Os Desdobramentos da Maternidade - Cap 08

RADIOTERAPIA

Lorenzo/ Arquivo Pessoal
Os Desdobramentos da Maternidade - Cap 08

Seguindo com muita fé e resiliência  aquela espera da autorização, meu coração  mendigava o inicio daquele tratamento, a Radioterapia  era determinante para a cura do Lolô , como mãe mantinha uma oração confiante no silêncio  do meu coração, que dias melhores se aproximavam.

Enfim , depois de 10 dias de internação  o plano  de Saúde  autorizou  o tratamento  do Lorenzo, momento que floresceu a nossa esperança ,credenciando nosso pequeno  a seguir nessa dura jornada.

Com muita rapidez  começaram os protocolos  para o processo da Radioterapia, Lolô realizou a Ressonância  Magnética, os técnicos  tiraram  as medidas  para os moldes e ficamos aguardando  o plano terapêutico  definido pelo Rádio Oncologista.

Uma vez concluído todo processo do planejamento,  o especialista  nos apresentou  que Lolô realizaria 31 sessões  de Radioterapia, cinco dias por semana. Que devido ao local do tumor  e sua tenra  idade, precisaria  fazer uso da anestesia geral, para  garantir  que  ele  ficasse  imóvel  no equipamento, permitindo  assim ,que os raios atingissem apenas a lesão, protegendo  os tecidos Saudáveis.



Nos informou que serviços de Anestesista  da Radioterapia  era uma empresa  contratada pelo hospital ,  que tínhamos que resolver  essas burocracias financeiras pessoalmente e relatou ainda que no  caso do Lolô seria usado a Anestesia Inalatória.

Vale ressaltar  que Anestesia  Inalatória é  uma técnica  de Anestesia Geral onde o paciente  inala vapores anestésicos misturados com oxigênio  através  de uma máscara .

O Radio Oncologista  continuou a esclarecer sobre  os efeitos  colaterais  que ocorrem  a curto prazo  desse tratamento ,como alteração  na pele, perda de cabelo, náusea, fadiga, cansaço  entre outros.

Aquelas palavras flagelaram minha alma, eu não podia impedir  e nem rejeitar o tratamento, era  nosso sopro de luz , apesar do caminho  tortuoso para alcançar  a cura, precisávamos perseverar.

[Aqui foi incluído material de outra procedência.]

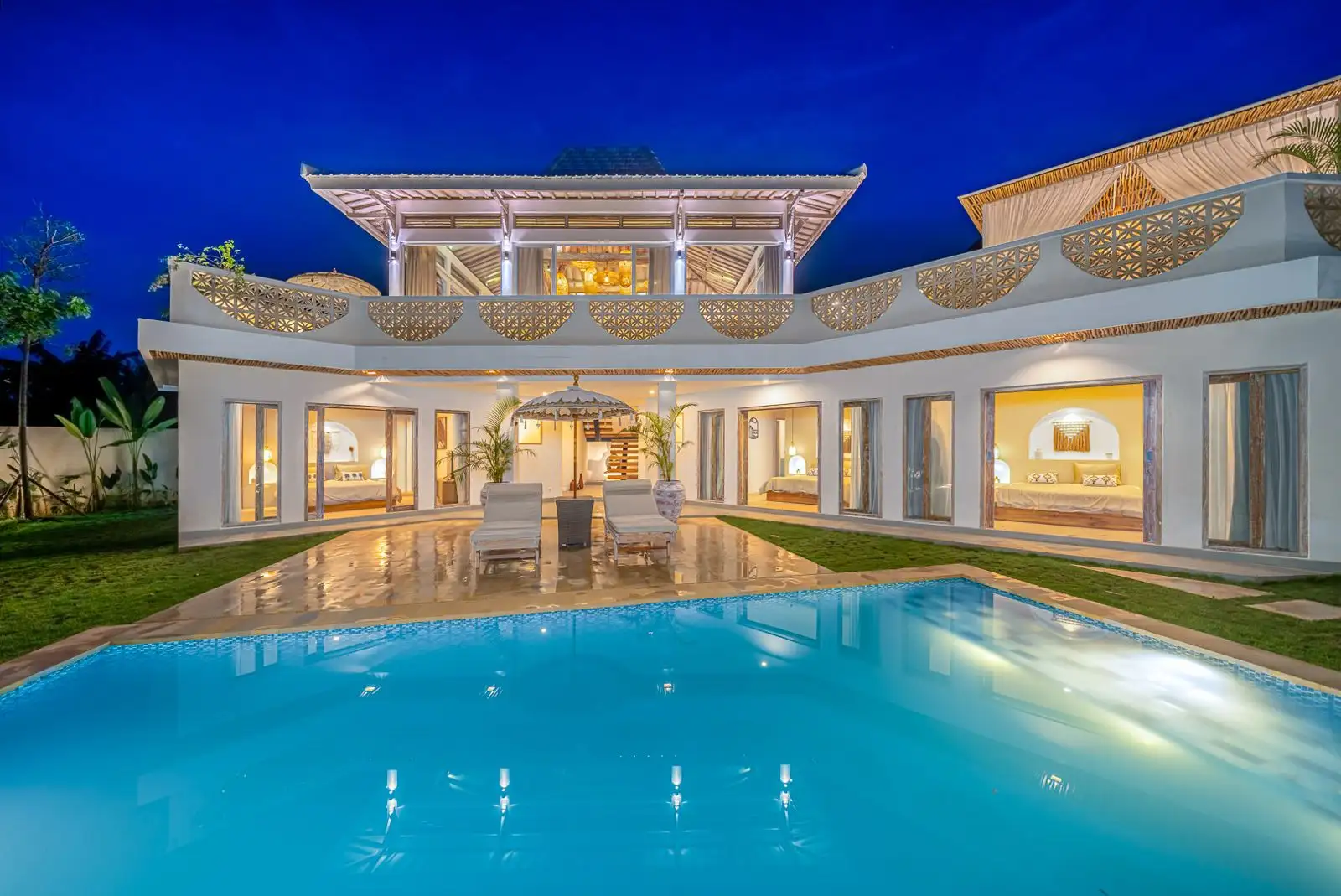 Villa 247m² in Indonesia, Tabanan. Priced at 353200$ rent photo-3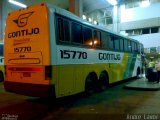 Empresa Gontijo de Transportes 15770 na cidade de Montes Claros, Minas Gerais, Brasil, por Andre  Lavor. Número da foto: #1984690.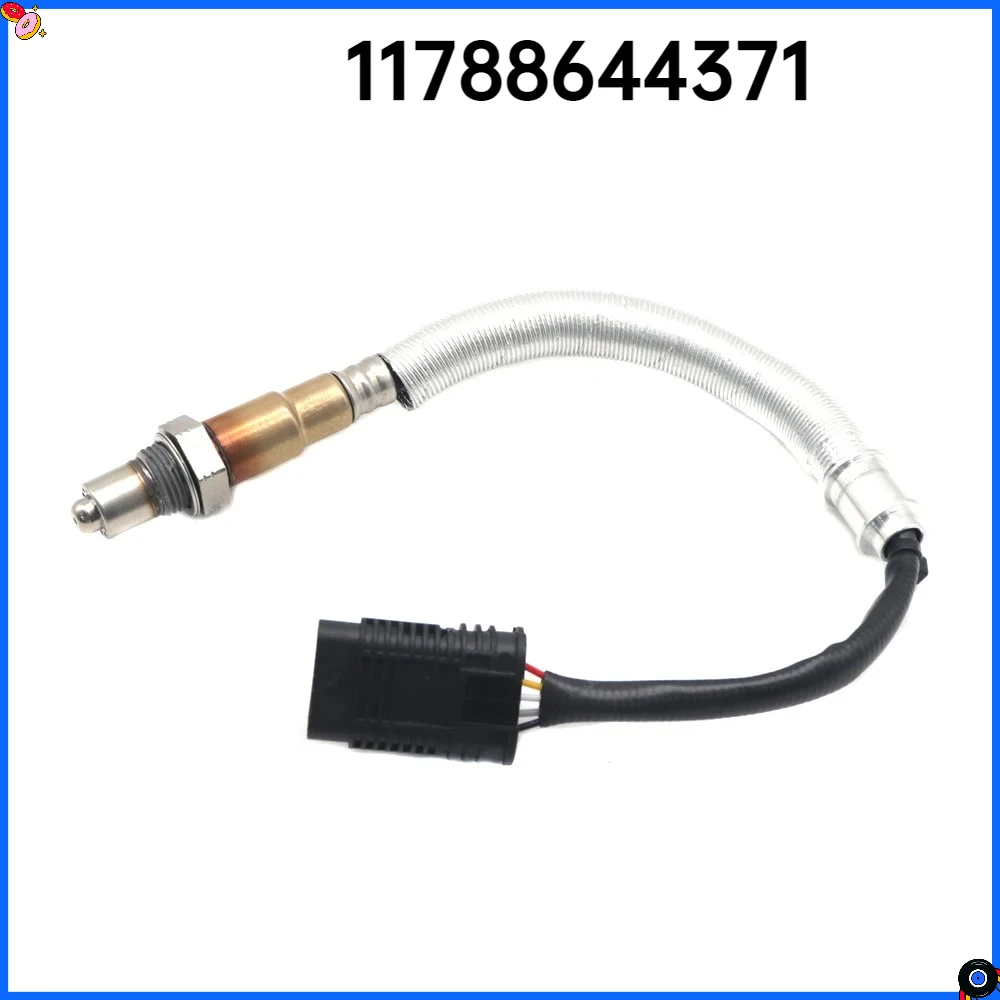 

Автомобильный передний датчик соотношения воздуха и топлива Лямбда O2 11788644371 для BMW 4 5 6 7 серии X3 X4 340I 440I 234-5712 8644371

Então final de setembro  Lorenzo  inicia sua primeira sessão da Radioterapia , ainda internado no hospital, experimentei um desconforto maternal, era preciso colocar naqueles dias uma armadura de coragem, era desumano  acordá-lo não poder alimentá-lo, naquele momento ele já estava sofrendo  os efeitos da medicação (Corticoide) era uma fome demasiada,  ele pedia seu mingau e eu precisava  negar, devido o protocolo da anestesia, era um território de muito sofrimento  emocional.

Atravessar aquela realidade  diária , era angustiante, sangrava minha alma, eu precisava  levá-lo até o equipamento, colocava ele deitado e o anestesista  vinha com a máscara, ele dormia rapidamente, nesse momento eu precisava  sair da sala. Deixá-lo sozinho naquele espaço  dilacerava meu coração, era uma dor  inexprimível e  eu sentia o desconsolo da maternidade.

Defrontar com esse período foi extremamente  desafiador, foram momentos difíceis demais, destaco o estresse  com a equipe da anestesia ,  alguns profissionais não chegavam  no horário  combinado, e acabava atrasando a sessão do Lolô que dependia da Anestesia para iniciar , aquele choro de fome, de irritabilidade e cansaço  destruía minha maternidade , aquela falta de empatia com um menininho de quatro anos que estava sendo um grande guerreiro, lutando pela vida, era  uma atrocidade com ele e com sua família que  pagava corretamente  aquele serviço.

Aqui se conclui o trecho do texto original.